O “novo Marx” consegue pôr uma plateia a rir mesmo a falar de desigualdades
Menos tributação sobre o trabalho, mais tributação sobre a riqueza. Foi esta a síntese de Piketty na Gulbenkian, em Lisboa: um resumo em hora e meia das mais de 900 páginas de O Capital no século XXI.
Enquanto gesticula com os braços e aponta para o ecrã onde vai desfiando sucessivos gráficos com as grandes tendências da distribuição da riqueza ao longo de mais de um século (nos EUA, na Europa, no Japão…), Piketty parece querer testar a plateia com as suas tiradas de ironia, ao falar sobre a crise na zona euro, a distribuição de rendimentos, o nível da carga fiscal em Portugal… Não estamos na Paris School of Economics, onde economista francês dá aulas, mas no grande auditório da Fundação Calouste Gulbenkian, em Lisboa, que esta segunda-feira encheu para o ouvir sustentar a ideia de que a tributação sobre a riqueza ajuda a corrigir as desigualdades na distribuição dos rendimentos.
Foi como uma aula, uma hora e meia para sintetizar as mais de 900 páginas de O capital no século XXI (editado em Portugal pela Temas e Debates). E Piketty fez jus à fama de rockstar economist que foi ganhando à medida que o debate e a controvérsia cresciam com as reedições do seu livro à escala global. Quarenta minutos antes da conferência, já o auditório estava praticamente lotado, obrigando centenas de presentes a acompanhá-lo à distância, num outro auditório da fundação onde a conferência passava em directo.
A ouvi-lo nas primeiras filas teve alguns políticos e ex-figuras de Estado. Se durante a manhã e a tarde se dividiu em encontros com o secretário-geral do PS, António Costa, o dirigente do Livre/Tempo de Avançar, Rui Tavares, e o ex-reitor António Sampaio da Nóvoa, na Gulbenkian não faltaram o ex-Presidente da República Jorge Sampaio, o ex-Presidente da Assembleia da República João Mota Amaral, o ex-ministro socialista das Obras Públicas António Mendonça, o ex-presidente da Gulbenkian Rui Vilar ou o ex-líder do PSD Marcelo Rebelo de Sousa.
Piketty falou em inglês.
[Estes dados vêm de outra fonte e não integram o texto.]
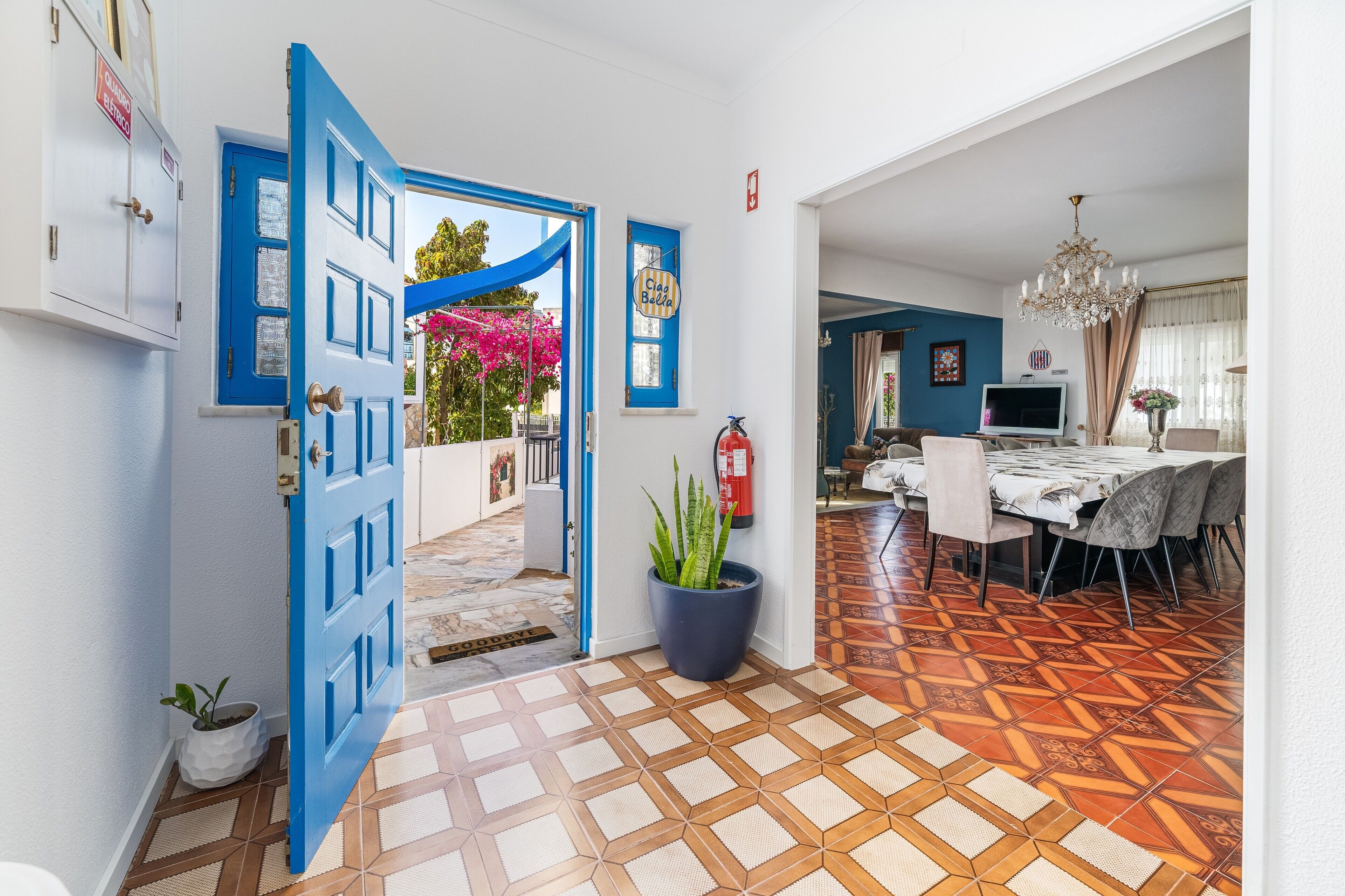 A room with a blue door, a potted plant, a dining area with a table and chairs, and a patterned floor.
A primeira gargalhada da plateia aconteceu logo a abrir, quando advertiu os presentes para o seu acentuado sotaque francês, que o ajuda a sincopar as frases. Piketty começou por se referir à crise na zona euro e ao nível de dívida pública elevado dos países em crise para refutar a ideia de que só há uma solução política para responder a um problema que, diz, deve ser encarado como sendo “comum” aos 19 países da moeda única. “Há sempre alternativas” e “olhar para o passado [da evolução das desigualdades] abre um debate para várias soluções” sobre como responder à crise. E as soluções, vincou, têm de ser europeias.
A nova teoria para a evolução da desigualdade, que Piketty arrisca, está plasmada na obra que lhe valeu a alcunha de “novo Marx”. Piketty esteve em Lisboa para reciclar esses conceitos, ora apontando os exemplos históricos da sociedade norte-americana, ora fazendo o contraponto com a situação europeia e o caso português. “O aumento da desigualdade nos EUA nas últimas décadas deve-se principalmente ao aumento da desigualdade nos rendimentos do trabalho”, referiu.
Não foram raras as vezes em que Piketty, ironizando sobre a forma como os governos lidam com o combate às desigualdades, levou a plateia a rir durante alguns segundos. E aconteceu quando se referiu a países que têm taxas de 0% sobre as fortunas… No livro, Piketty analisou dados de duas dezenas de países, incluindo Portugal, um dos países onde nas últimas três décadas houve um maior aumento do peso do rendimento dos mais ricos. Se em 1982 os 1% mais ricos concentravam 4,3% do rendimento, em 2005, obtinham 9,85% do total.
Como muitas obras que parecem ter vindo para ficar, a de Piketty tem sido fonte de acesos debates, um multiplicador de reacções mais ou menos epidérmicas. A “aula” na Gulbenkian também não foi um monólogo.
Da plateia, o economista Rui Nuno Baleiras, membro do Conselho das Finanças Públicas, questionou se devem as pequenas economias usar a tributação para enfrentar os problemas sociais. Piketty considerou que, mesmo aí, os países “podem ter taxas mais progressivas sobre a propriedade”. E defendeu que “há reformas do sistema fiscal a fazer em Portugal e em toda a Europa”. Numa frase: “Menos tributação sobre o trabalho, mais tributação sobre a propriedade acumulada”.